[Records excerpted from a collection]
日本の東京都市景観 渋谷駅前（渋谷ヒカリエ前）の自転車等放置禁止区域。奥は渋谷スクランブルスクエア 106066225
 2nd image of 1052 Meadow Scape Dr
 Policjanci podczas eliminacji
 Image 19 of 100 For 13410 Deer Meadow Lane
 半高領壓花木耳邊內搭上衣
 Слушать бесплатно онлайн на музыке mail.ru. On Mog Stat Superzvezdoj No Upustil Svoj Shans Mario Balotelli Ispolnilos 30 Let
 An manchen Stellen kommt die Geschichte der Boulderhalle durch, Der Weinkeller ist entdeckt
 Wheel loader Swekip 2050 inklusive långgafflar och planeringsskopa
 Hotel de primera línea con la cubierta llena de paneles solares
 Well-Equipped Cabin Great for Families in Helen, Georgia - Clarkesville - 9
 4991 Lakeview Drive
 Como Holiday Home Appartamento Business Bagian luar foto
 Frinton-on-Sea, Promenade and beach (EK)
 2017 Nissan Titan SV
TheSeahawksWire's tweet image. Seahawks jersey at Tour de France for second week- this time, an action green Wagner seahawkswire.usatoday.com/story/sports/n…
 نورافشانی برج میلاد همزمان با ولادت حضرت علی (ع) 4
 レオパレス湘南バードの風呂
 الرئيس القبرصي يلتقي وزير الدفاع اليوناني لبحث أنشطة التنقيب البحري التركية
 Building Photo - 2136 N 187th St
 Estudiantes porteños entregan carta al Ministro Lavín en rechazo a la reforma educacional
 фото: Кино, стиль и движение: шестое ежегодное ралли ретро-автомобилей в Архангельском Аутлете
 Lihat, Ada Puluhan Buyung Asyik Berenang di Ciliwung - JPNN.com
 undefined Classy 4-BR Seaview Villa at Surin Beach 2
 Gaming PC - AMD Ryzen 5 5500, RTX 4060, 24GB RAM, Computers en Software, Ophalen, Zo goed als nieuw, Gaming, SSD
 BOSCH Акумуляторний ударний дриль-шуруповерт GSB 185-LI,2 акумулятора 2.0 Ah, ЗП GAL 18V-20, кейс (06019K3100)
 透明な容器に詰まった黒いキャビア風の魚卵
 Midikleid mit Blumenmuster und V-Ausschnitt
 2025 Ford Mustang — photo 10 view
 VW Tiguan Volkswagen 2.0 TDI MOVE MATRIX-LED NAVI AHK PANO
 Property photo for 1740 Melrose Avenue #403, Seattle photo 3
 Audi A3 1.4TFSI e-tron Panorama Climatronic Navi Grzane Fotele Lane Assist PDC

= ACTION ITEM =
Retype the records above, but only those lines that fall between the line containing "Слушать бесплатно онлайн" and the line containing "Hotel de primera", with both of those lines included, exactly as written.

= TASK OUTPUT =
 Слушать бесплатно онлайн на музыке mail.ru. On Mog Stat Superzvezdoj No Upustil Svoj Shans Mario Balotelli Ispolnilos 30 Let
 An manchen Stellen kommt die Geschichte der Boulderhalle durch, Der Weinkeller ist entdeckt
 Wheel loader Swekip 2050 inklusive långgafflar och planeringsskopa
 Hotel de primera línea con la cubierta llena de paneles solares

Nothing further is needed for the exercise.